- Cover to promo single issued by Odeon in Spain in 1988

Song by John Lennon

from the album John Lennon/Plastic Ono Band
- Released: 11 December 1970
- Recorded: 26 September – 9 October 1970
- Genre: Soft rock
- Length: 4:09
- Label: Apple/EMI
- Songwriter: John Lennon
- Producers: John Lennon, Yoko Ono, Phil Spector

= God (John Lennon song) =

"God" is a song by the English musician John Lennon, from his first post-Beatles solo album, John Lennon/Plastic Ono Band. The album was released on 11 December 1970 in the United States and the United Kingdom. The song references the Beatles and other cultural phenomena. As with the rest of the album, Ringo Starr plays drums and Klaus Voormann plays bass guitar; in addition, Billy Preston joins Lennon in playing piano on the track.

==Recording==
"God" was recorded at Abbey Road Studios in October 1970 with Ringo Starr on drums, Klaus Voormann on bass guitar, and Billy Preston on piano. The final version of the song was recorded on 9 October 1970, Lennon's 30th birthday.

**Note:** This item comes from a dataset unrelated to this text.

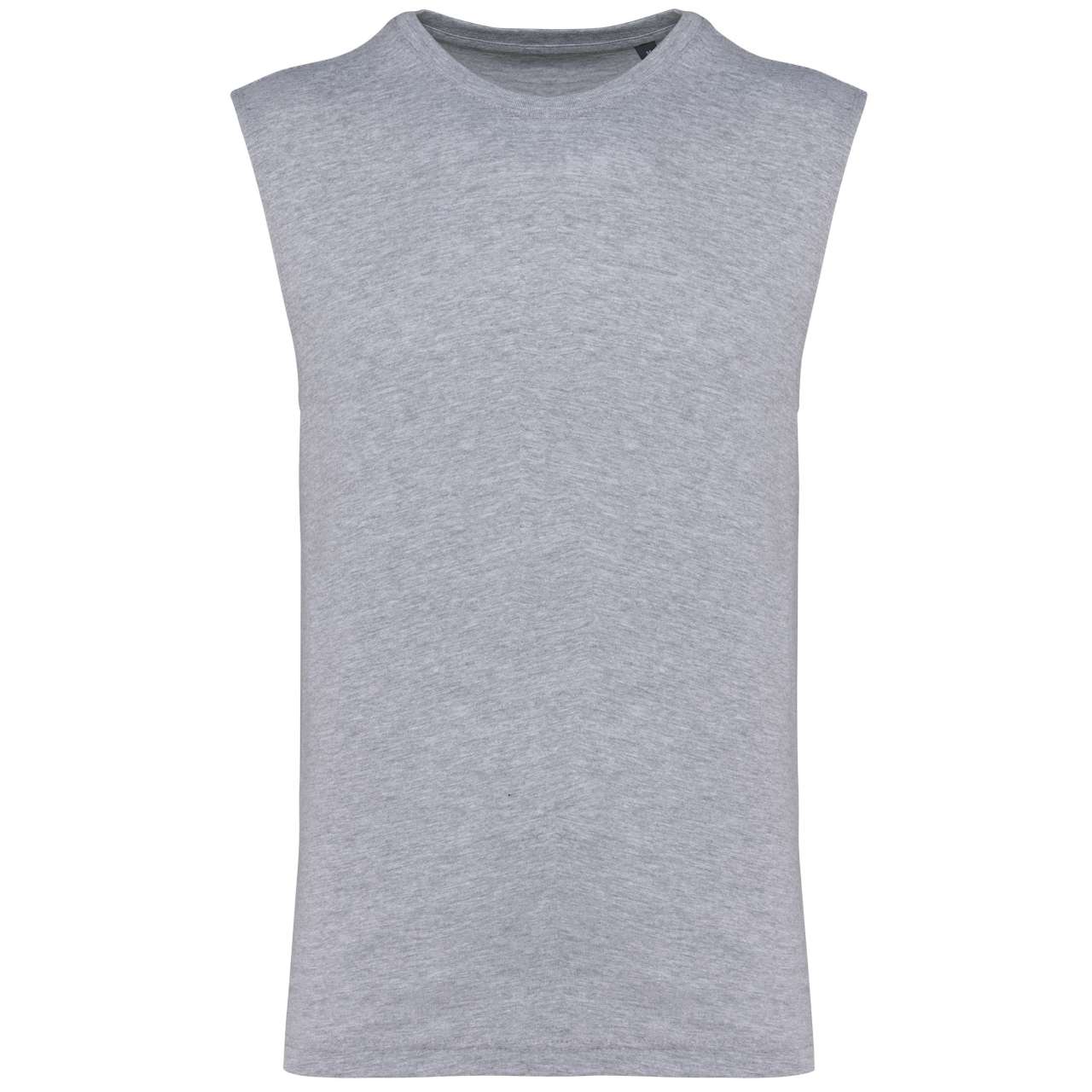 ECO-FRIENDLY MEN SLEEVELESS T-SHIRT - Oxford Grey - colorimageurl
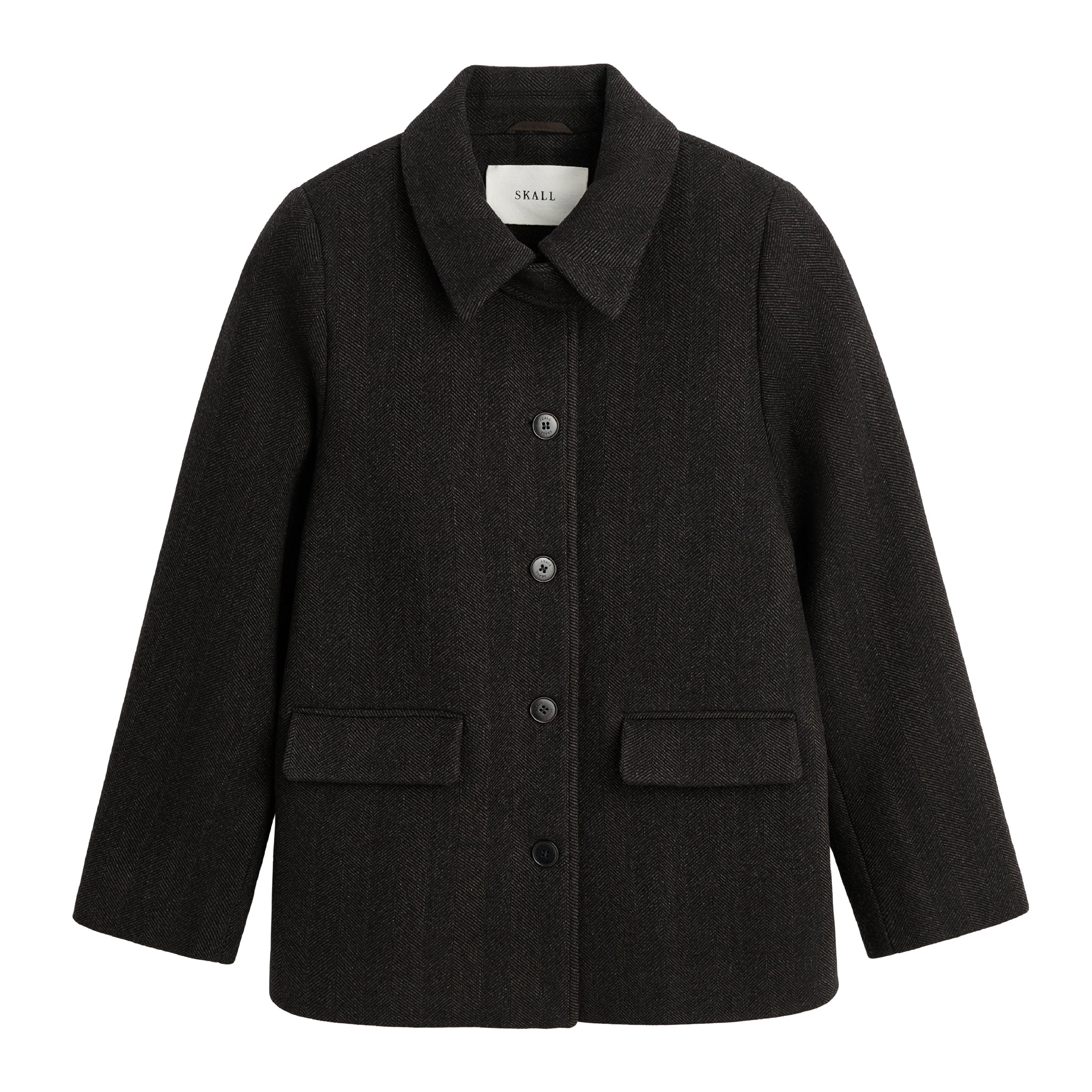 Alfred Jacket, Brown Herringbone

According to Voormann, Lennon initially introduced the song on guitar before later shifting to piano during the recording sessions. Lennon later said he wanted the song to have a gospel feel, but felt that the early arrangements did not achieve the sound he wanted. Preston was subsequently brought in to perform piano on the final recording.

Lennon described the arrangement as intentionally simple, stating that he preferred "simple rock and nothing else".

In the 2008 documentary Classic Albums: John Lennon/Plastic Ono Band, engineers and musicians involved in the recording discussed the song's sparse arrangement and Starr's varying tom drum fills throughout the "I don't believe in" sequence. Starr later said the album was among the recording sessions he was most proud of.

==Composition and meaning==
There are three sections in the song. Lennon later said he preferred writing songs drawn from personal experience, and viewed "God" as part of a more autobiographical style that emerged during the making of John Lennon/Plastic Ono Band.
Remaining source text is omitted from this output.